▸ **Required work**: Go through the data from its first line and retype each line, stopping once the line containing "Cambridge 2 Bed, 1" has been retyped.
*** Stored data
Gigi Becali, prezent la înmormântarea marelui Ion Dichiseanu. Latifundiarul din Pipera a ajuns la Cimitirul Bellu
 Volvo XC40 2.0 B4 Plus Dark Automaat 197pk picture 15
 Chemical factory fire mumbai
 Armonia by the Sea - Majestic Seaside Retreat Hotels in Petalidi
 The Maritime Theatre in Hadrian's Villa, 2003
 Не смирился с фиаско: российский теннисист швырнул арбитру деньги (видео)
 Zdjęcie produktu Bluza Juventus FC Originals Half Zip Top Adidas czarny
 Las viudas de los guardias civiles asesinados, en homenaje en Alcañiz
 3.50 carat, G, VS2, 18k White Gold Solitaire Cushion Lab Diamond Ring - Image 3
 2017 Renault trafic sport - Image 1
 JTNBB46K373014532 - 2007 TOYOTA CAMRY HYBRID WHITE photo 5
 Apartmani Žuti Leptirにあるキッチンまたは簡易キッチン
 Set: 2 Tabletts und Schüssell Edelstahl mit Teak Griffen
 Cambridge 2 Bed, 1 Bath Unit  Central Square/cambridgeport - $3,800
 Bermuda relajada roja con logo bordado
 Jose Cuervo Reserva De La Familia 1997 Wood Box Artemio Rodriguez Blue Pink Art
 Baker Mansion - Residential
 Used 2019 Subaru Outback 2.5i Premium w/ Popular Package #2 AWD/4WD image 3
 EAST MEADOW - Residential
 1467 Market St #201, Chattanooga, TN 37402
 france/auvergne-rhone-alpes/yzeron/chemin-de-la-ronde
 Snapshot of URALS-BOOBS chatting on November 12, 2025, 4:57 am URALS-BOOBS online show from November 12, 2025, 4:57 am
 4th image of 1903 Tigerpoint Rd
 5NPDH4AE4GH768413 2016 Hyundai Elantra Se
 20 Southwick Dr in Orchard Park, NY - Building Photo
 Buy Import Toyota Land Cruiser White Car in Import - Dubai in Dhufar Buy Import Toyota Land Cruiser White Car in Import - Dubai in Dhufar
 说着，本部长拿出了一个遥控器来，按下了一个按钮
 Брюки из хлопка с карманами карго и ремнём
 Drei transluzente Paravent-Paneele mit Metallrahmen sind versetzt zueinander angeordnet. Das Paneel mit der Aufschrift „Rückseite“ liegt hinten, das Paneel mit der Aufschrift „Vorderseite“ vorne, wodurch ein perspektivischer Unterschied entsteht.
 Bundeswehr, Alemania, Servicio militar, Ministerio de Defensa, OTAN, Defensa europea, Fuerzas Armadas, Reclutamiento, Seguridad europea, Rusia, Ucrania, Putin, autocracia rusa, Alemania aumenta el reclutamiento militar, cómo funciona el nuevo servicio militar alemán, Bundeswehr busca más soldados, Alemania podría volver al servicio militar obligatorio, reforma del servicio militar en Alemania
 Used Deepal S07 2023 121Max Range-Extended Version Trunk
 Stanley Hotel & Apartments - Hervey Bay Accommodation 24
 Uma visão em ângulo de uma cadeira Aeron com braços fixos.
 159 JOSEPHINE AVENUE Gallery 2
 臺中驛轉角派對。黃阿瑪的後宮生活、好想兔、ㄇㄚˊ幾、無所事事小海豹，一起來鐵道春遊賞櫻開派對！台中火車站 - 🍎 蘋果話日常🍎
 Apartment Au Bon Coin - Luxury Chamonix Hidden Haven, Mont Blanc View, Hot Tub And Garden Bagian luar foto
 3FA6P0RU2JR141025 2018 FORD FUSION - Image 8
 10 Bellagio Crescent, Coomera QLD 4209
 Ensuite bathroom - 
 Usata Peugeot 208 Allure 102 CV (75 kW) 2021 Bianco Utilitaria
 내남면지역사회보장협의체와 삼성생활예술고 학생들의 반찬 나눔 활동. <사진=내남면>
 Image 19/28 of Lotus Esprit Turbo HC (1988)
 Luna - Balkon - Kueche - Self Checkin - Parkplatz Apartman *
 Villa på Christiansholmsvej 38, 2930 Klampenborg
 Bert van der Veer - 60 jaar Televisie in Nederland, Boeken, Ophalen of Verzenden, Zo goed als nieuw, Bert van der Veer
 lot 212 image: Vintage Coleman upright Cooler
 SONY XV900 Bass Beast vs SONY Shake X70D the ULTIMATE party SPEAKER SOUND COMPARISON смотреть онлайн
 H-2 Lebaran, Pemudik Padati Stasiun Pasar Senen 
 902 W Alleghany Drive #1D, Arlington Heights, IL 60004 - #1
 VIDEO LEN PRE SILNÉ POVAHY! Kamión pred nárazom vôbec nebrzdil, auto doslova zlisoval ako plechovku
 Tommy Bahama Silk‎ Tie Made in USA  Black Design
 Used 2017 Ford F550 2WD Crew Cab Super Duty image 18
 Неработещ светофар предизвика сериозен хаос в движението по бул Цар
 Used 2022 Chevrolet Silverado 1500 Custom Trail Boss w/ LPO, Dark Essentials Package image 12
******
▸ **Exercise result**:
Gigi Becali, prezent la înmormântarea marelui Ion Dichiseanu. Latifundiarul din Pipera a ajuns la Cimitirul Bellu
 Volvo XC40 2.0 B4 Plus Dark Automaat 197pk picture 15
 Chemical factory fire mumbai
 Armonia by the Sea - Majestic Seaside Retreat Hotels in Petalidi
 The Maritime Theatre in Hadrian's Villa, 2003
 Не смирился с фиаско: российский теннисист швырнул арбитру деньги (видео)
 Zdjęcie produktu Bluza Juventus FC Originals Half Zip Top Adidas czarny
 Las viudas de los guardias civiles asesinados, en homenaje en Alcañiz
 3.50 carat, G, VS2, 18k White Gold Solitaire Cushion Lab Diamond Ring - Image 3
 2017 Renault trafic sport - Image 1
 JTNBB46K373014532 - 2007 TOYOTA CAMRY HYBRID WHITE photo 5
 Apartmani Žuti Leptirにあるキッチンまたは簡易キッチン
 Set: 2 Tabletts und Schüssell Edelstahl mit Teak Griffen
 Cambridge 2 Bed, 1 Bath Unit  Central Square/cambridgeport - $3,800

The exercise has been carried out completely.